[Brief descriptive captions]
*-*-*
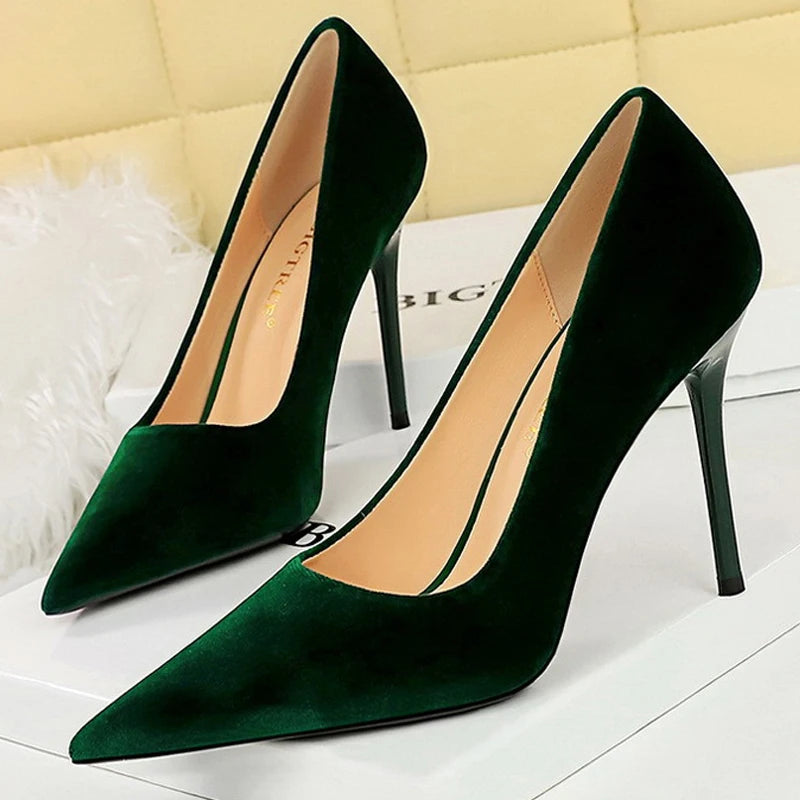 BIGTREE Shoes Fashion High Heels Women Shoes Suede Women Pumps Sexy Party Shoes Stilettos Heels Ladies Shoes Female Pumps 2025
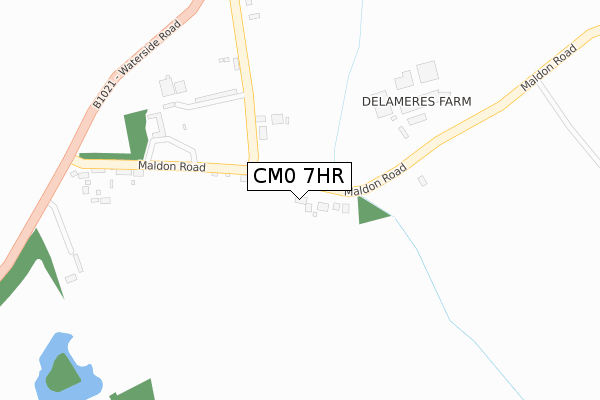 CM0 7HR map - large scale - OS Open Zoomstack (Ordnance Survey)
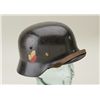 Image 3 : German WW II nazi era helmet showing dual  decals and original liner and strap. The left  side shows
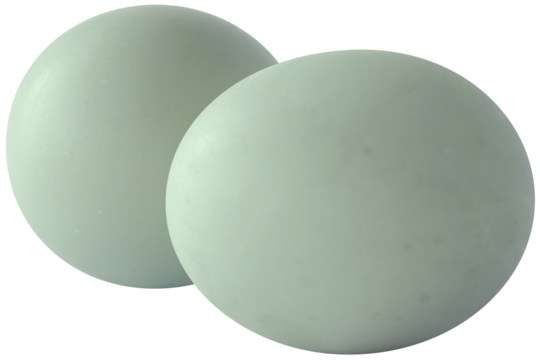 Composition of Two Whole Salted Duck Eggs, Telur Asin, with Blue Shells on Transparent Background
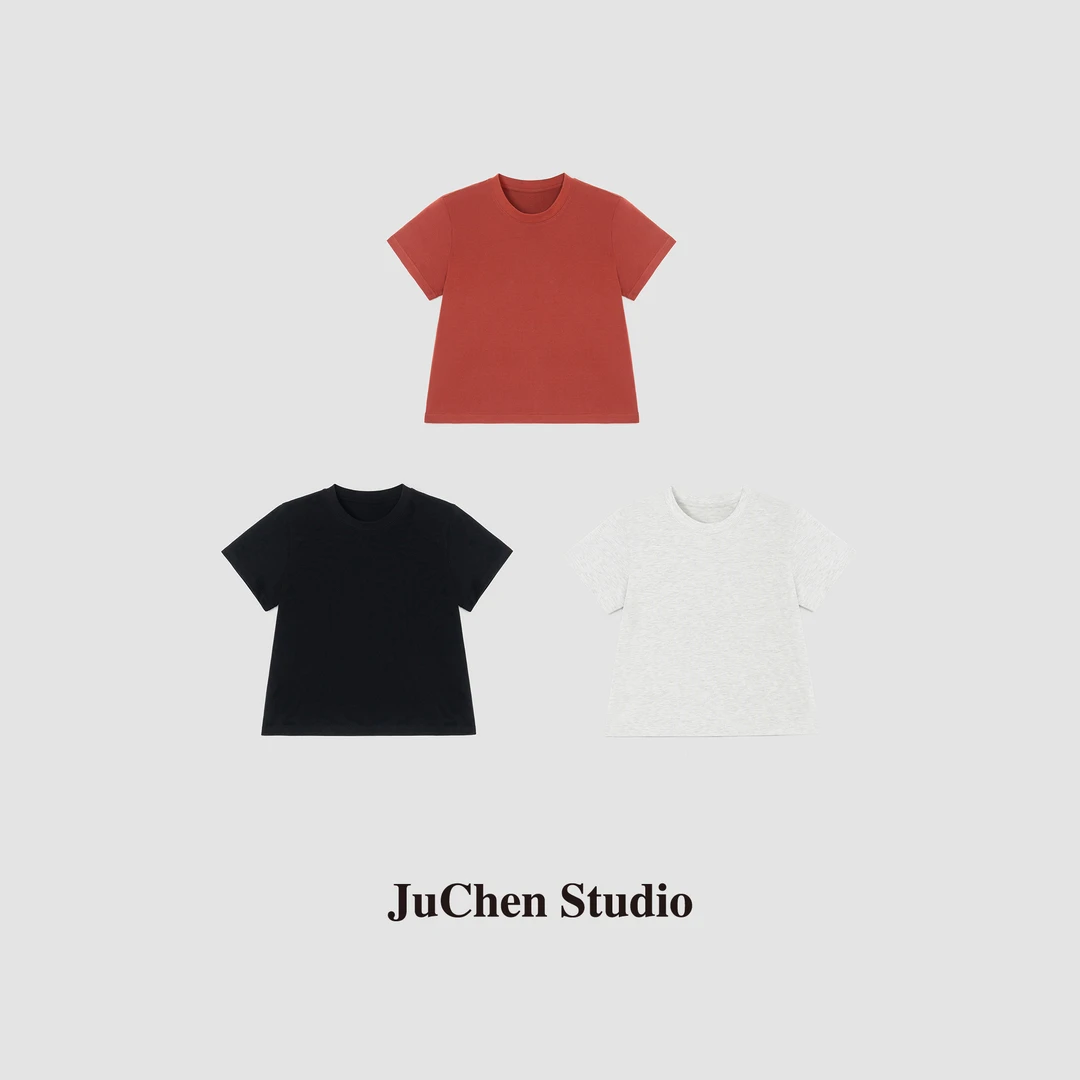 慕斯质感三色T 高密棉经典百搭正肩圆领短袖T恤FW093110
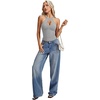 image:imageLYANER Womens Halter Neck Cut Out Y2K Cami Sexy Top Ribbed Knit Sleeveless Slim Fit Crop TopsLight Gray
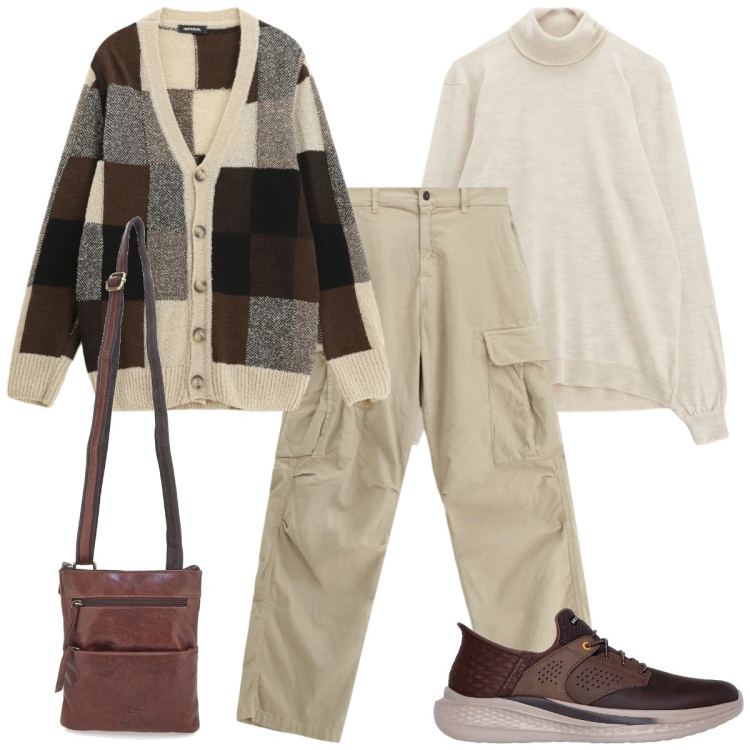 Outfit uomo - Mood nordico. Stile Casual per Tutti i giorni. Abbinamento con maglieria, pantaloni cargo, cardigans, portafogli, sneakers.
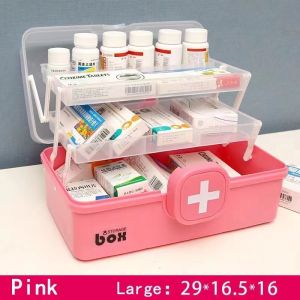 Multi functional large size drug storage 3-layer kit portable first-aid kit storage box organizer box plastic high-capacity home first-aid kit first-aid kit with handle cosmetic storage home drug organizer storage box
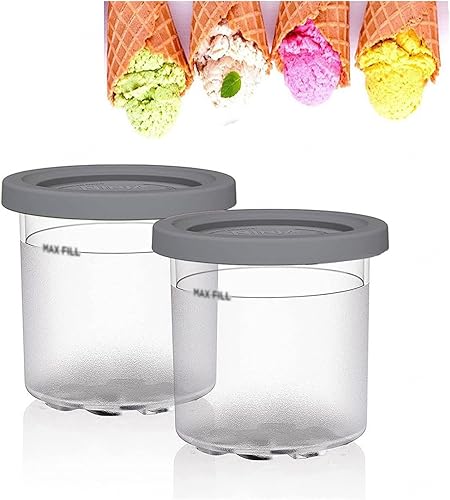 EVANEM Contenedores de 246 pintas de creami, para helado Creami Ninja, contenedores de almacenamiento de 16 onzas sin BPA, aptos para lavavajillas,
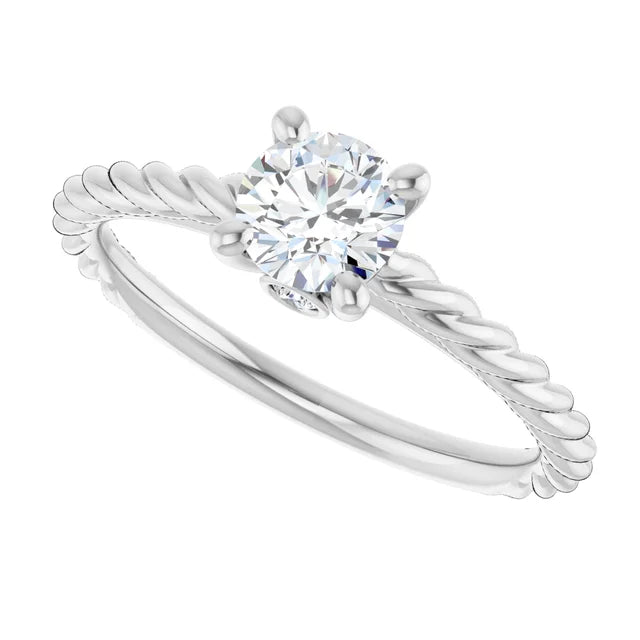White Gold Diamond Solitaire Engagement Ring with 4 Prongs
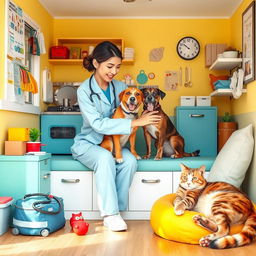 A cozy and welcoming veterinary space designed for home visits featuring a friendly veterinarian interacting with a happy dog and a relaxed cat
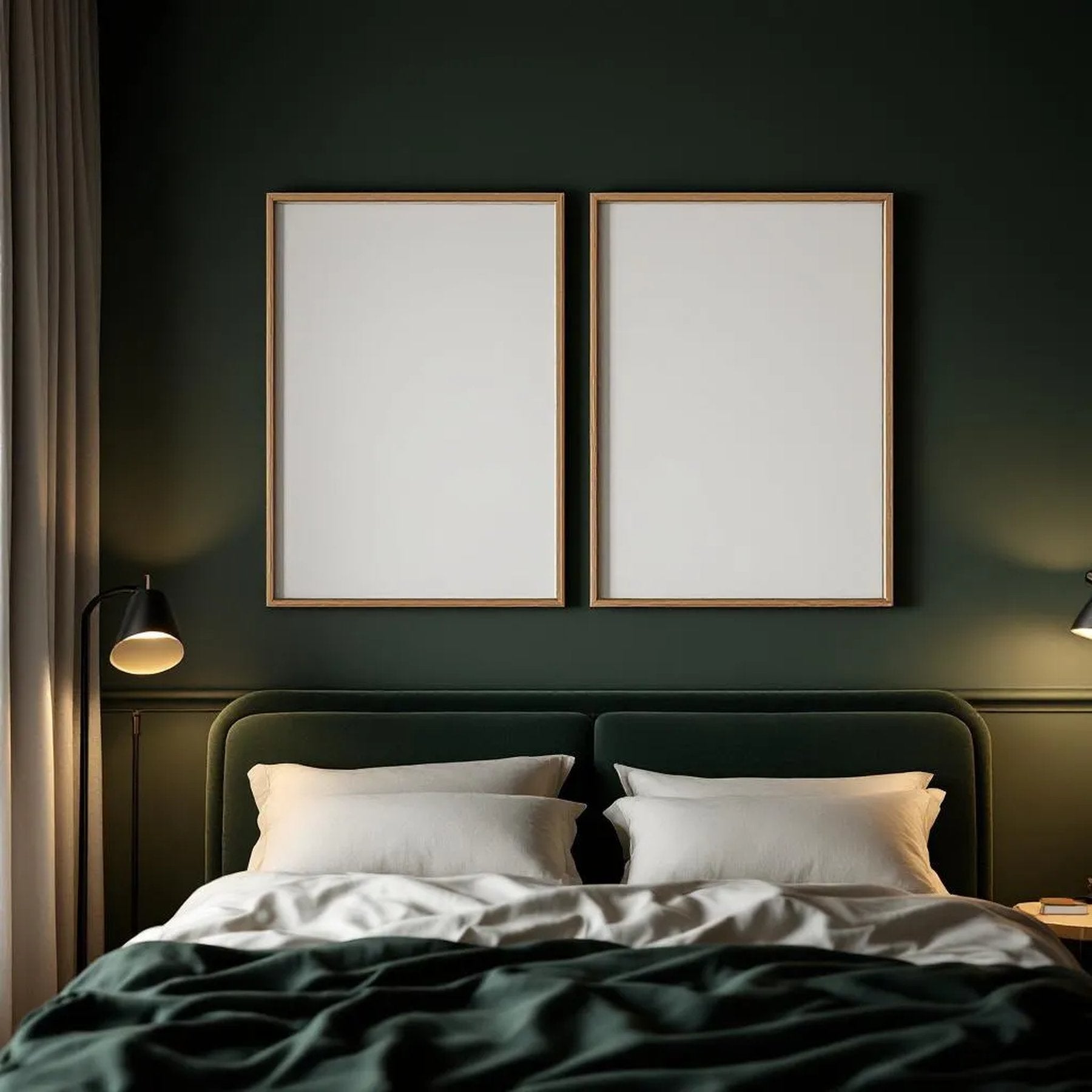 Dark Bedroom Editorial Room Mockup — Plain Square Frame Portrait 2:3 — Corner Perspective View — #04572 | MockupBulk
*-*-*
■ Task ■
What is needed is an exact copy of the lines from the beginning of the data through the line containing "EVANEM Contenedores de", both included, without any pictures.

■ The answer ■
 BIGTREE Shoes Fashion High Heels Women Shoes Suede Women Pumps Sexy Party Shoes Stilettos Heels Ladies Shoes Female Pumps 2025
 CM0 7HR map - large scale - OS Open Zoomstack (Ordnance Survey)
 Image 3 : German WW II nazi era helmet showing dual  decals and original liner and strap. The left  side shows
 Composition of Two Whole Salted Duck Eggs, Telur Asin, with Blue Shells on Transparent Background
 慕斯质感三色T 高密棉经典百搭正肩圆领短袖T恤FW093110
 image:imageLYANER Womens Halter Neck Cut Out Y2K Cami Sexy Top Ribbed Knit Sleeveless Slim Fit Crop TopsLight Gray
 Outfit uomo - Mood nordico. Stile Casual per Tutti i giorni. Abbinamento con maglieria, pantaloni cargo, cardigans, portafogli, sneakers.
 Multi functional large size drug storage 3-layer kit portable first-aid kit storage box organizer box plastic high-capacity home first-aid kit first-aid kit with handle cosmetic storage home drug organizer storage box
 EVANEM Contenedores de 246 pintas de creami, para helado Creami Ninja, contenedores de almacenamiento de 16 onzas sin BPA, aptos para lavavajillas,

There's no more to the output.